Paul Rand’s logo was great for 1961. It was clean, sharp, memorable and somewhat clever, but more importantly, it gave the growing UPS a foothold on which to build its massive brand machine. But updating the logo was the right decision. Though many people won’t admit this out loud, Rand’s design is dated. Futurebrand created an emblem that not only takes advantage of today’s printing technology (gradients and subtle bevels), but paid homage to the original shield motif while dropping the part that looked most dated—a string-tied box that bears little resemblance to any package shipped today.
Good design can last. Rand’s logos for IBM and ABC (much better because they don’t use any period imagery like the string-tied package) are still going strong but I would bet serious cash they’ll be “updated” in the future. Just because an industry luminary crafted them does not make them immortal.

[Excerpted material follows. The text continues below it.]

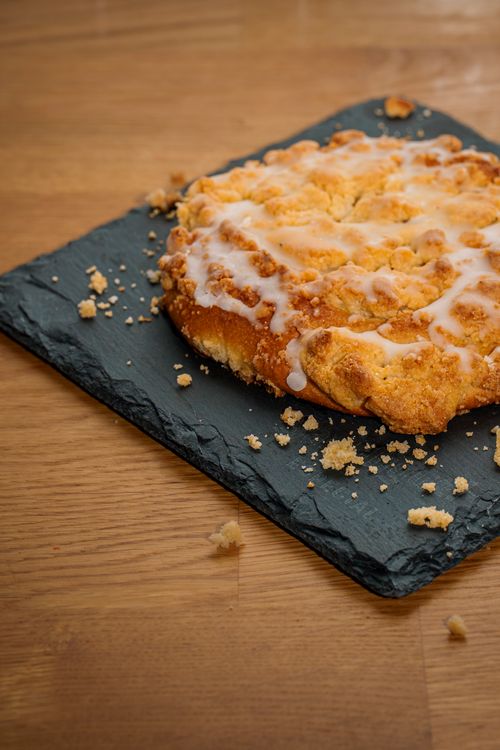 Free Golden coffee cake with vanilla glaze and crumb topping on slate. Stock Photo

What is depressing is how companies with well known marks are trading in their identities for shallow replacements. While UPS’s new logo is nice—and works—it lacks … something. Soul. Character. In the comments on Typographica’s website, Joe Vanderbos summarized this feeling:
The old one was stale, but it reminds us of a time when quirkiness and personality were still allowed into the world of commerce. The new one expresses absolutely nothing, and quite well. It’s the perfect emblem of this age.
Other prominent corporate logos have undergone cosmetic changes.
- KFC’s recent update is only a small enhancement (less wrinkles on the face and now bearing an apron), but really modernizes the Colonel’s look. I consider this a success, and an appropriately conservative move.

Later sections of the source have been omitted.